# Problem to solve
Go through the entries below and print, exactly, the lines starting at the one with "Building Photo - Beautifully" and ending at the one with "Rritja e pagave, Mazniku: Ndodh", keeping both ends and no others.

# Records provided
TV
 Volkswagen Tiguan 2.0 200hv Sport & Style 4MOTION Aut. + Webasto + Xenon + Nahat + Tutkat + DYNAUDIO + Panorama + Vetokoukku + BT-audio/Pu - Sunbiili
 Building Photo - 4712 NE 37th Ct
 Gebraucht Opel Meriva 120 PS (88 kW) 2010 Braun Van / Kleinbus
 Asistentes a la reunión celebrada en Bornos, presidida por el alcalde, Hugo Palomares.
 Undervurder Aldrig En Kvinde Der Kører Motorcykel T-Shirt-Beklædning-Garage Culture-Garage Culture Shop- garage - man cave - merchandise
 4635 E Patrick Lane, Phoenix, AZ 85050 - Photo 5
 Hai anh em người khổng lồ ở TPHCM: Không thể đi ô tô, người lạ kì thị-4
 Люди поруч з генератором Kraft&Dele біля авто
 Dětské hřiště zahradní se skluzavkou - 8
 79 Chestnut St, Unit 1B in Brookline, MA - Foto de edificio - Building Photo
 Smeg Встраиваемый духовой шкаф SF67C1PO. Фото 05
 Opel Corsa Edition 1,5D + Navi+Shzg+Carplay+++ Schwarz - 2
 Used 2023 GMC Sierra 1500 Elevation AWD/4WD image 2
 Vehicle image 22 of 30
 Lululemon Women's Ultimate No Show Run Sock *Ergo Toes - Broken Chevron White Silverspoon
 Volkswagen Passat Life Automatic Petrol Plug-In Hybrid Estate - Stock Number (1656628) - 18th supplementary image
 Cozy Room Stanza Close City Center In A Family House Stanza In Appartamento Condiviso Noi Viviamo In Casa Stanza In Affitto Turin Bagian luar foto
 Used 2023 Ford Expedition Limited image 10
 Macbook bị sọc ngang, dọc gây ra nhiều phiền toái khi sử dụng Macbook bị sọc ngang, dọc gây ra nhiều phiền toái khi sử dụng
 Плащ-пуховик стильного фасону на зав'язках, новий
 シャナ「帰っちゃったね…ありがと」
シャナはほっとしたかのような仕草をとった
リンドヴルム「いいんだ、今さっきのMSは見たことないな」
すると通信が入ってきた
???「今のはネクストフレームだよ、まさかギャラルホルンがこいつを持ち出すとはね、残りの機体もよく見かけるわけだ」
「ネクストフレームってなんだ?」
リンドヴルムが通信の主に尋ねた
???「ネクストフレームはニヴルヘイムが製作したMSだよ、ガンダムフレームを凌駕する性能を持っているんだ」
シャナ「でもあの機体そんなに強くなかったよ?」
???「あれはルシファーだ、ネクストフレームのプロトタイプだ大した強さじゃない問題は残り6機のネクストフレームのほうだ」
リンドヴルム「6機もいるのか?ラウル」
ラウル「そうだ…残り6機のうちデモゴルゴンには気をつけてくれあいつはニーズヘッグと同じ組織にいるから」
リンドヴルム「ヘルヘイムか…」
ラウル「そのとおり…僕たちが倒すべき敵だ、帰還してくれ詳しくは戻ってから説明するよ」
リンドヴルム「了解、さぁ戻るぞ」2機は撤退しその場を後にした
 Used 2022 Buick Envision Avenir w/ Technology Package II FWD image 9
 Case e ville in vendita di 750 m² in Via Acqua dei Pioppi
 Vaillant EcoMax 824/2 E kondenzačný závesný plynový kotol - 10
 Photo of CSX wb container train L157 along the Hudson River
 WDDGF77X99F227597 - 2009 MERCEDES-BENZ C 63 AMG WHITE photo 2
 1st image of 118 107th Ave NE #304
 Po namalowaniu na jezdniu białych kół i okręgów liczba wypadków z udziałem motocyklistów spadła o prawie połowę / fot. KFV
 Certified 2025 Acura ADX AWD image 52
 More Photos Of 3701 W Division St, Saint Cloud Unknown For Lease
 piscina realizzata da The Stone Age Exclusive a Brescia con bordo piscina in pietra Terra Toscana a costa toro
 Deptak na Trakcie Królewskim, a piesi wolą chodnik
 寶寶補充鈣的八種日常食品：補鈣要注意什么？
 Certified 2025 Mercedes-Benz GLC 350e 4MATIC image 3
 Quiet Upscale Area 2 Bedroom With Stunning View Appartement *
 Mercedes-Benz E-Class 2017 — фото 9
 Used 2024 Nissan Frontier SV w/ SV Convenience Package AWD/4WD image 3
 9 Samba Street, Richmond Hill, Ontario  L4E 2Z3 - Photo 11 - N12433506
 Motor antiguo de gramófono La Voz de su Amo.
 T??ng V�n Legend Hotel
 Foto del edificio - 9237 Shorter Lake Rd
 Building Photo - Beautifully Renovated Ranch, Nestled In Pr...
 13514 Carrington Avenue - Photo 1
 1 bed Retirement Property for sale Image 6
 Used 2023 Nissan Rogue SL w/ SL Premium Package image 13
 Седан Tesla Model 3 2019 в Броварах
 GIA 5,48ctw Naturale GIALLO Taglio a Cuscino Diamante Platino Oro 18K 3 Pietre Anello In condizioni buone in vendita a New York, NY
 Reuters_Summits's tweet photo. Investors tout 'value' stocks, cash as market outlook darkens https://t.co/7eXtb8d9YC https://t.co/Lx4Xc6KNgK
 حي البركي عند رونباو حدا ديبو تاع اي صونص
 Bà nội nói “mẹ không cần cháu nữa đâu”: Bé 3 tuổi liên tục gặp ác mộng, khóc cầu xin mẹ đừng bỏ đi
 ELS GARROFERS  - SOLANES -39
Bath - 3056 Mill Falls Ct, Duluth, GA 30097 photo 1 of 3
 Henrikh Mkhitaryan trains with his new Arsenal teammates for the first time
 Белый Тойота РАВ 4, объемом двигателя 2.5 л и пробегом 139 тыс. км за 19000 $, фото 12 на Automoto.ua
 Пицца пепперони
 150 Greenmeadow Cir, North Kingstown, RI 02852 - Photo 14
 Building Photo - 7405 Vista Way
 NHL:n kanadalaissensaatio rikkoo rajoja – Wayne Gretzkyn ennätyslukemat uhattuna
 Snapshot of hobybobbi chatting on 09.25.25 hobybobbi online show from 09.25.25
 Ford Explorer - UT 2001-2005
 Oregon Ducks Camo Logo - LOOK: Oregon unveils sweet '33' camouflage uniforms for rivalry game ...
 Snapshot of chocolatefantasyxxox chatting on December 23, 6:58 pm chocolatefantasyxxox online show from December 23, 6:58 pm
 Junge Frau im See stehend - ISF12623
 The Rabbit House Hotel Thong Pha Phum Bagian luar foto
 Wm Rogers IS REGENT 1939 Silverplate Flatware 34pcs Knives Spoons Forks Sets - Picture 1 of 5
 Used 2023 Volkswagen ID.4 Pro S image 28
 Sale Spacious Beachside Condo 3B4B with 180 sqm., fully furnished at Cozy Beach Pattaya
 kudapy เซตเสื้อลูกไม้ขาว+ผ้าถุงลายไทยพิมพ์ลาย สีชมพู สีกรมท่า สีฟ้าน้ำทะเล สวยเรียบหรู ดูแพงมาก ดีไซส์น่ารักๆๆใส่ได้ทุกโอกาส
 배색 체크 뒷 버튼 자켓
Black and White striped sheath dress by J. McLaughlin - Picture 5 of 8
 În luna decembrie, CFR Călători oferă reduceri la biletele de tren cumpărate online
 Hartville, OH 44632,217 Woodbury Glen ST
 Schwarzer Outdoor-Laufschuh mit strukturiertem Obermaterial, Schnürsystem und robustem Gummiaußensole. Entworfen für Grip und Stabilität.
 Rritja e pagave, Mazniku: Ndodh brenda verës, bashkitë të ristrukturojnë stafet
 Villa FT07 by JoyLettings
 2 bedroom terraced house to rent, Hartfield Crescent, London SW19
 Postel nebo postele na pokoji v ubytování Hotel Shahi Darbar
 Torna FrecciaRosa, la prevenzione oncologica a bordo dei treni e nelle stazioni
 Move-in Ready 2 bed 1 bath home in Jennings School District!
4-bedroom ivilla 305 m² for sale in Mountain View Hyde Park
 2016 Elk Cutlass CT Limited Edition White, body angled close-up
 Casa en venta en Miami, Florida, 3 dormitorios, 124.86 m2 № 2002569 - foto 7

# Written response
 Building Photo - Beautifully Renovated Ranch, Nestled In Pr...
 13514 Carrington Avenue - Photo 1
 1 bed Retirement Property for sale Image 6
 Used 2023 Nissan Rogue SL w/ SL Premium Package image 13
 Седан Tesla Model 3 2019 в Броварах
 GIA 5,48ctw Naturale GIALLO Taglio a Cuscino Diamante Platino Oro 18K 3 Pietre Anello In condizioni buone in vendita a New York, NY
 Reuters_Summits's tweet photo. Investors tout 'value' stocks, cash as market outlook darkens https://t.co/7eXtb8d9YC https://t.co/Lx4Xc6KNgK
 حي البركي عند رونباو حدا ديبو تاع اي صونص
 Bà nội nói “mẹ không cần cháu nữa đâu”: Bé 3 tuổi liên tục gặp ác mộng, khóc cầu xin mẹ đừng bỏ đi
 ELS GARROFERS  - SOLANES -39
Bath - 3056 Mill Falls Ct, Duluth, GA 30097 photo 1 of 3
 Henrikh Mkhitaryan trains with his new Arsenal teammates for the first time
 Белый Тойота РАВ 4, объемом двигателя 2.5 л и пробегом 139 тыс. км за 19000 $, фото 12 на Automoto.ua
 Пицца пепперони
 150 Greenmeadow Cir, North Kingstown, RI 02852 - Photo 14
 Building Photo - 7405 Vista Way
 NHL:n kanadalaissensaatio rikkoo rajoja – Wayne Gretzkyn ennätyslukemat uhattuna
 Snapshot of hobybobbi chatting on 09.25.25 hobybobbi online show from 09.25.25
 Ford Explorer - UT 2001-2005
 Oregon Ducks Camo Logo - LOOK: Oregon unveils sweet '33' camouflage uniforms for rivalry game ...
 Snapshot of chocolatefantasyxxox chatting on December 23, 6:58 pm chocolatefantasyxxox online show from December 23, 6:58 pm
 Junge Frau im See stehend - ISF12623
 The Rabbit House Hotel Thong Pha Phum Bagian luar foto
 Wm Rogers IS REGENT 1939 Silverplate Flatware 34pcs Knives Spoons Forks Sets - Picture 1 of 5
 Used 2023 Volkswagen ID.4 Pro S image 28
 Sale Spacious Beachside Condo 3B4B with 180 sqm., fully furnished at Cozy Beach Pattaya
 kudapy เซตเสื้อลูกไม้ขาว+ผ้าถุงลายไทยพิมพ์ลาย สีชมพู สีกรมท่า สีฟ้าน้ำทะเล สวยเรียบหรู ดูแพงมาก ดีไซส์น่ารักๆๆใส่ได้ทุกโอกาส
 배색 체크 뒷 버튼 자켓
Black and White striped sheath dress by J. McLaughlin - Picture 5 of 8
 În luna decembrie, CFR Călători oferă reduceri la biletele de tren cumpărate online
 Hartville, OH 44632,217 Woodbury Glen ST
 Schwarzer Outdoor-Laufschuh mit strukturiertem Obermaterial, Schnürsystem und robustem Gummiaußensole. Entworfen für Grip und Stabilität.
 Rritja e pagave, Mazniku: Ndodh brenda verës, bashkitë të ristrukturojnë stafet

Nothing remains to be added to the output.